In a directory images, images are named like - 1_foo.png, 2_foo.png, 14_foo.png, etc.
The images are OCR'd and the text extract is stored in a dict
by the code below -
data_dict = {}
for i in os.listdir(images):
if str(i[1]) != '_':
k = str(i[:2]) # Get first two characters of image name and use as 'key'
else:
k = str(i[:1]) # Get first character of image name and use 'key'
# Intiates a list for each key and allows storing multiple entries
data_dict.setdefault(k, [])
data_dict[k].append(pytesseract.image_to_string(i))
The code performs as expected.
The images can have varying numbers in their name ranging from 1 to 99.

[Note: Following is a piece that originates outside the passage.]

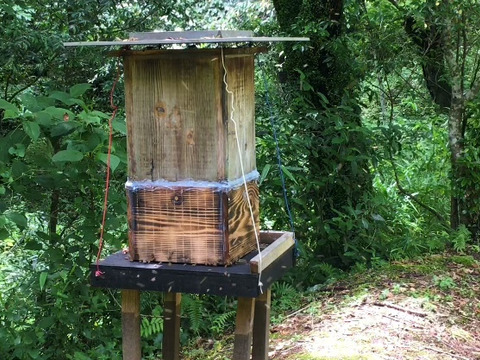 貴重な日本ミツバチの『天然生蜂蜜』非加熱｜無添加 x 2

Can this be reduced to a dictionary comprehension
?
Yes. Here's one way, but I wouldn't recommend it:
{k: d.setdefault(k, []).append(pytesseract.image_to_string(i)) or d[k]
for d in [{}]
for k, i in ((i.split('_')[0], i) for i in names)}
That might be as clean as I can make it, and it's still bad. Better use a normal loop, especially a clean one like Dennis's.

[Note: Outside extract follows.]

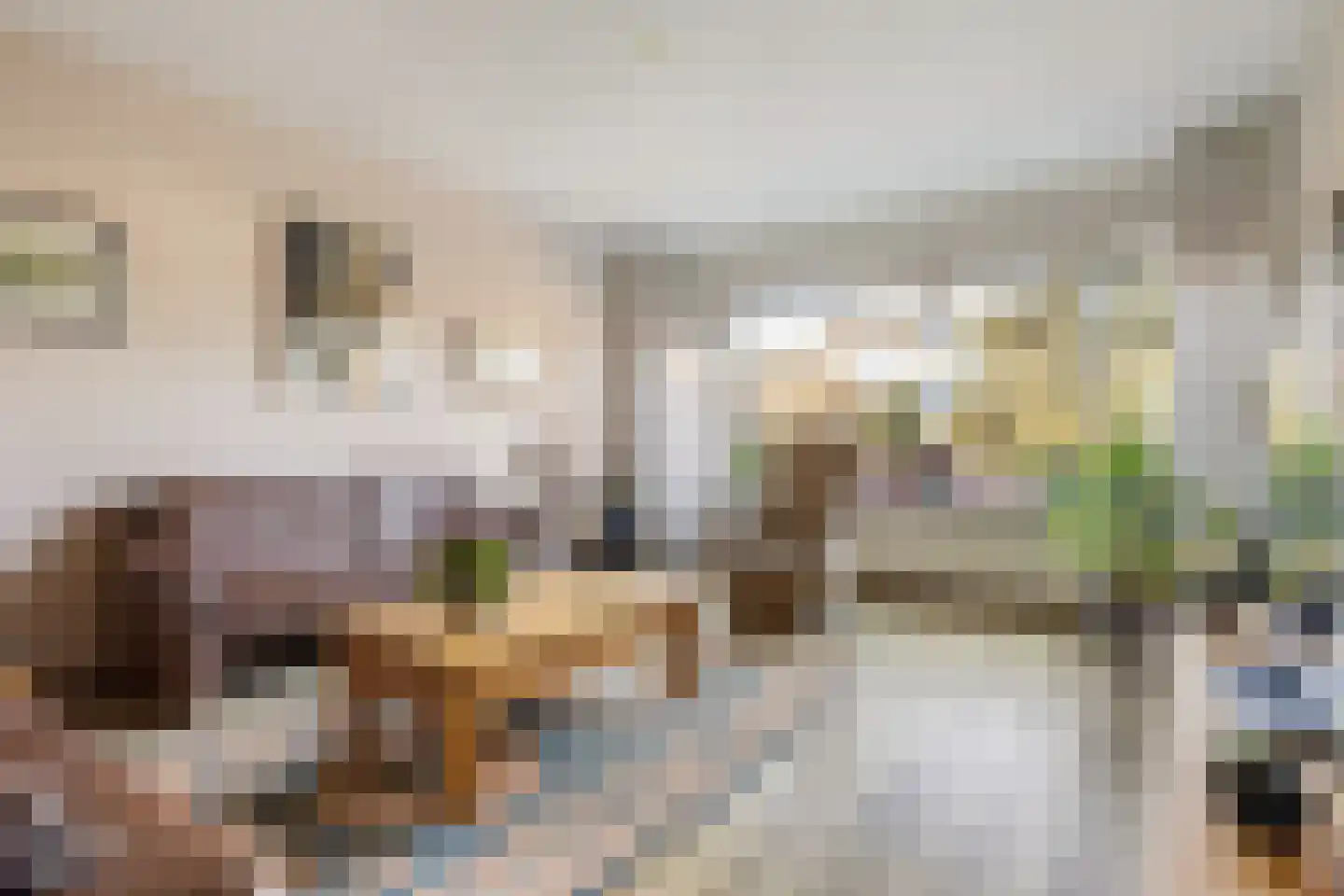 Anijsstraat 31 Apeldoorn thumbnail 4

Slight variation (if I do the abuse once, I might as well do it twice):
{k: d.setdefault(k, []).append(pytesseract_image_to_string(i)) or d[k]
for d in [{}]
for i in names
for k in i.split('_')[:1]}
Edit: kaya3 now posted a good one using a dict comprehension. I'd recommend that over mine as well. Mine are really just the dirty results of me being like "Someone said it can't be done? Challenge accepted!".